区役所で行われた「世界一周航海」講演会で講師を務めた 馬場 邦彦さん 汐見台在住 90歳
海外の風、身にまとう
○…気象の専門家として仕事で、またヨットや客船旅行などの趣味で、これまで世界中を訪問。その経験を活かし、委員長を務める区国際交流コーナー運営委員会主催の講演会で講師を務めた。「より多くの人が海外、そして海に関心を持って、親しんでもらえれば」と、笑顔で語る。
○…旧制中学から気象技術官養成所(現・気象大学校)に進学。この進路を選んだのは理系希望のほか、家の事情もあった。「父が一時視力を失ってね。気象養成所の学生は公務員扱いで給与も出たから」。卒業後、徴兵で海軍へ。終戦後は所属先である気象庁に戻る。9年勤務後、スカウトで日本水産(株)に。南氷洋捕鯨船団の気象長として21年間、南極海を航海した。50歳で独立し、5年後気象海洋コンサルタント会社を設立。石油公団の南極海底地質調査計画に参加するなど、その後も世界を巡った。
○…学生時代に出会ったヨットが、生涯の趣味に。世界中の仲間との交流も盛んだ。両方の知識を活かし、ソウルやバルセロナ五輪では、ヨット日本代表チーム気象コーチを歴任した。

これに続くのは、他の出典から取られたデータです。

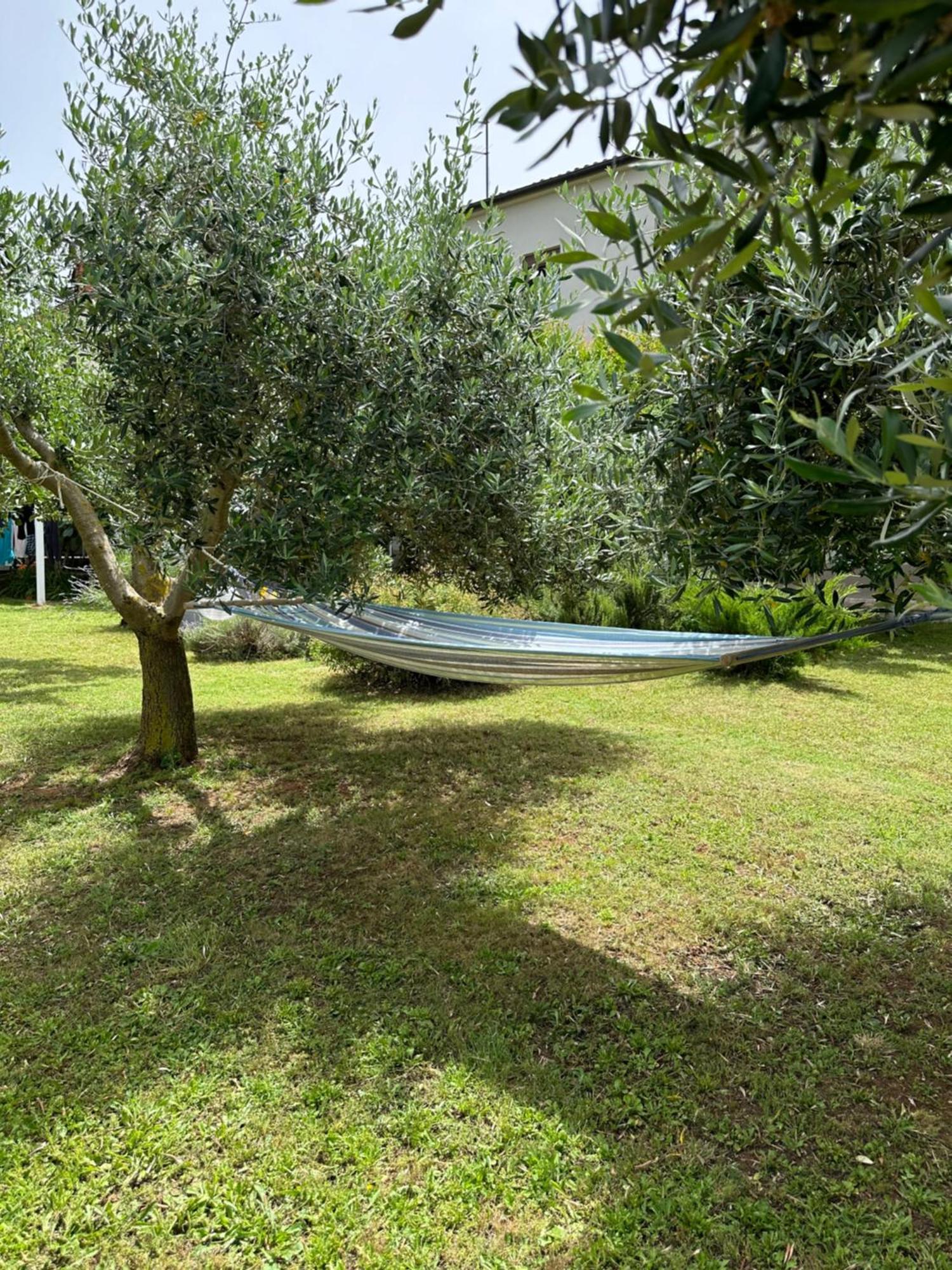 Apartment Karolina - Green Oasis Pula Luaran gambar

○…佐賀県出身。6歳で横浜・野毛へ。当時は体が弱く、田園風景が広がり空気のきれいな汐見台の知り合い宅で暮らした時期も。父親の仕事の関係で台湾へ移り、気象学校進学のころ東京へ。就職後は勤務地である大阪や岩国、東京などを経て、64年大規模開発が始まった汐見台に。一度離れるも、8年前再び居を構えた。「開発前からは大きく変わっているけど、汐見台は今も懐かしい感じがする」と、目を細める。
○…8年前に妻が他界し一人暮らしも、3人の子ども、7人の孫、5人のひ孫が時折遊びに来ると大賑わいに。趣味の海外旅行にも精力的に出かける。「体が元気なうちで行けるうちは、どんどん海外に」と、無邪気な笑顔を見せる。はきはきとした語り口と快活さからは、陽気な外国の風が感じられた。